Dans son édition de lundi 10 août, le site d’information koaci.com a révélé que l’Upc, parti camerounais de l’opposition, a déposé un mémorandum dans les services de l’ambassade de France Search France au Cameroun, pour que le président français François Hollande intervienne afin que son homologue Paul Biya ne se représente pas à l’élection présidentielle de 2018.

« Nous avons souhaité que l’Hexagone intercède auprès de son ami du Cameroun pour éviter tout débordement qui pourrait découler de la participation de Paul Biya à cette échéance. Nous avons aussi demandé à Hollande d’intercéder auprès de son homologue pour le dialogue entre le personnel politique du Cameroun, soit sans délai implémenté dans le but d’éviter toute violence. Car nous sommes un parti qui veut le pouvoir et nous sommes prêts à contrer la candidature de Paul Biya », peut-on lire dans ce mémorandum écrit, semble-t-il, par les dirigeants de l’Upc selon le journal.

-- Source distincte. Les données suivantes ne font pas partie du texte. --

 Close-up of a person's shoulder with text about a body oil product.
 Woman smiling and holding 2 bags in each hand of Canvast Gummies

Cette demande s’inscrit dans la lignée de comportement irresponsable d’une frange de la diaspora camerounaise qui, en mal de publicité, envoie des lettres aux institutions internationales comme les Nations-Unis ou au président américain Barack Obama pour réclamer le départ de Paul Biya. Il ne s’agit donc pas d’un acte isolé. Mais c’est la première fois qu’un parti politique, officiellement reconnu de surcroît, pose un acte aussi désespéré. Cela d’autant plus qu’on ne voit pas comment François Hollande, président d’un pays, pourrait répondre favorablement à leur demande en intervenant dans la politique nationale d’un homologue qui rappelons-le, a été élu démocratiquement. Et donc, à moins d’avoir recours à la violence, c’est aux Camerounais de décider démocratiquement qui doit les gouverner.

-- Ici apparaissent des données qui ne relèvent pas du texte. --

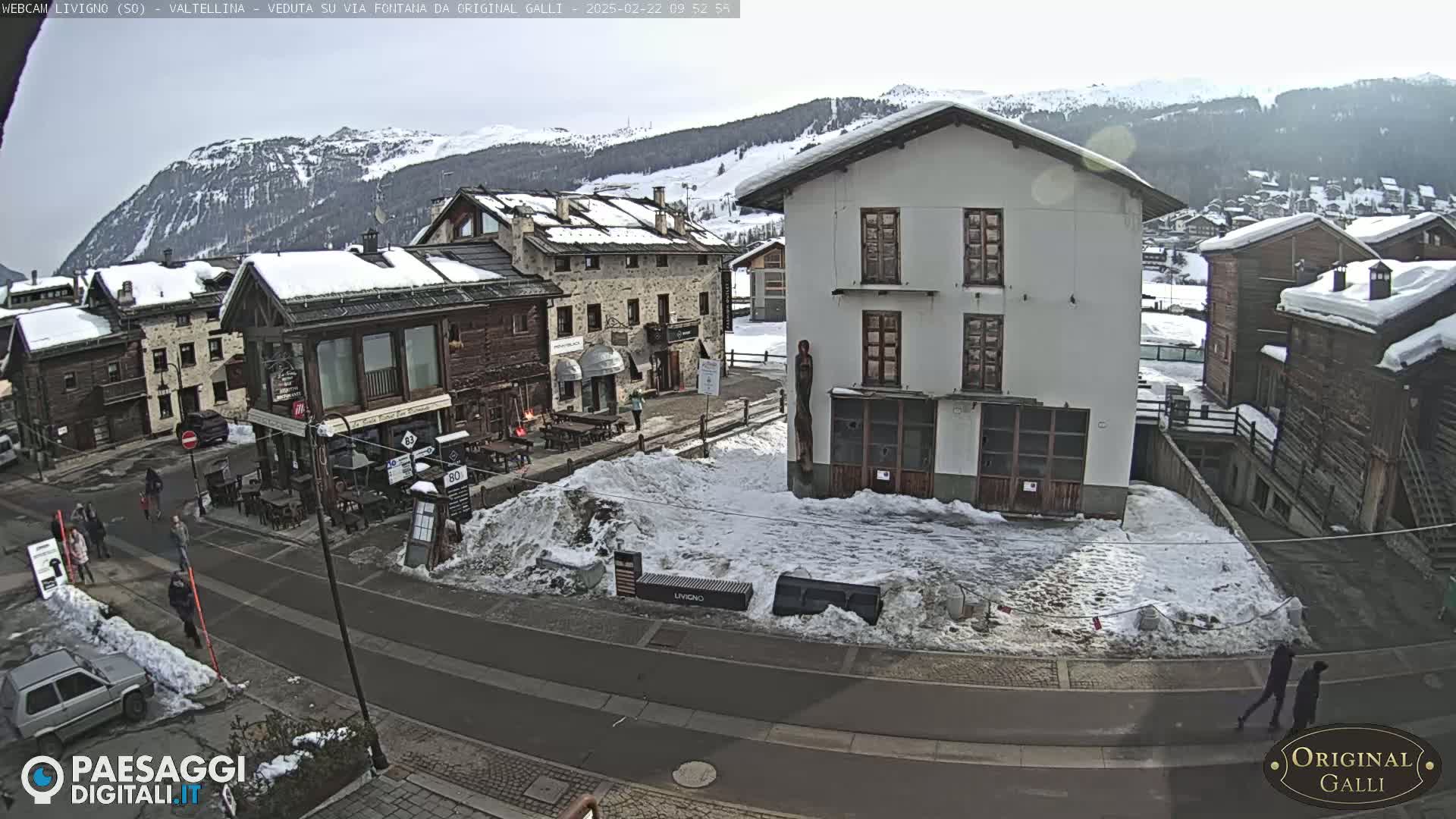 A snow-covered village square with several buildings, some of which are wooden, is seen on a partly cloudy day with mountains in the background.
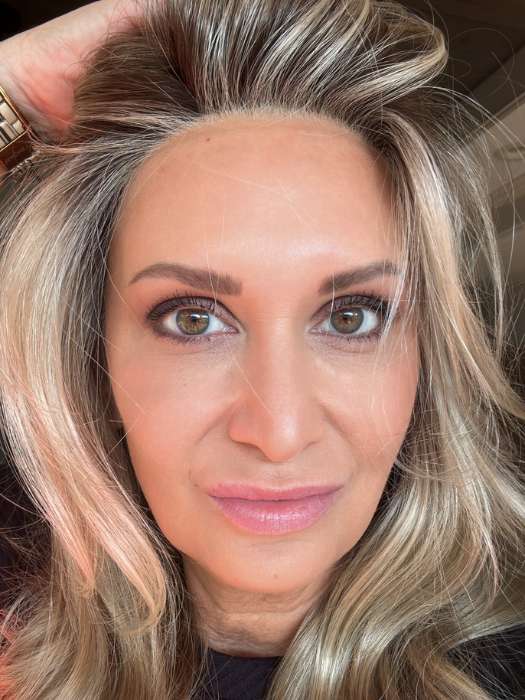 Emily H. @she_sheds_more wearing AMBER by JON RENAU in color 22F16S8 VENICE BLONDE | Light Ash Blonde and Light Natural Blonde Blend Shaded with Medium Brown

Comme nous l’affirmons tantôt, on observe depuis quelques années, une tendance chez certaines associations ou membres de la diaspora camerounaise, qui consiste à lancer au nom du peuple camerounais des appels qui se résument en une seule phrase : « Paul Biya doit partir ». Ces associations connues pour leur manque de crédibilité, passent leur temps à critiquer Paul Biya et sa politique sans rien proposer en échange. Au contraire, leurs critiques incessantes sont devenues au fil du temps leur programme politique. Elles disparaissent et reviennent sporadiquement – car elles ont beaucoup de difficulté malgré ce qu’elles laissent entendre, à rassembler du monde autour d’elles. La majorité des membres de la diaspora camerounaise étant parfaitement consciente du manque de sérieux de leurs actions ou plutôt de leur manque d’actions, ne les soutiennent pas. C’est la première fois qu’un parti politique officiel pose, comme ces dernières, un acte aussi irresponsable. Car comment peut-on aimer son pays, vouloir défendre ses intérêts et demander à une puissance étrangère d’intervenir dans les affaires de ce pays?

C’est sans doute pour cette raison que l’Upc, très embarrassé par la révélation de cette nouvelle, s’est empressé de réagir avec un démenti trois jours après sa publication par koaci.com. En effet, le même journal nous apprend que le Pr Charly Gabriel Mbock, secrétaire à la propagande et à la communication du parti, a démenti cette information via une note qui leur a été envoyée, tout en confirmant cependant « avoir adressé un mémorandum, au président de la République française à l’occasion de sa visite d’État au Cameroun, le 3 juillet 2015 ». Les responsables de l’Upc ont ainsi affirmé être « viscéralement attachés à la souveraineté du Cameroun » et donc «  une intervention du président français pour que Biya ne se représente plus irait totalement à l’encontre des valeurs et de l’idéologie de l’UPC », poursuit koaci.com.

Une réflexion au sujet de « « François Hollande doit faire partir Paul Biya » : l’Upc dans l’embarras »

  1. Ce n’est pas vrai ce qui est dit là! est-ce qu’il revient aux pays étrangers de venir régler nos problèmes internes?
    J’aimerai en savoir d’avantage.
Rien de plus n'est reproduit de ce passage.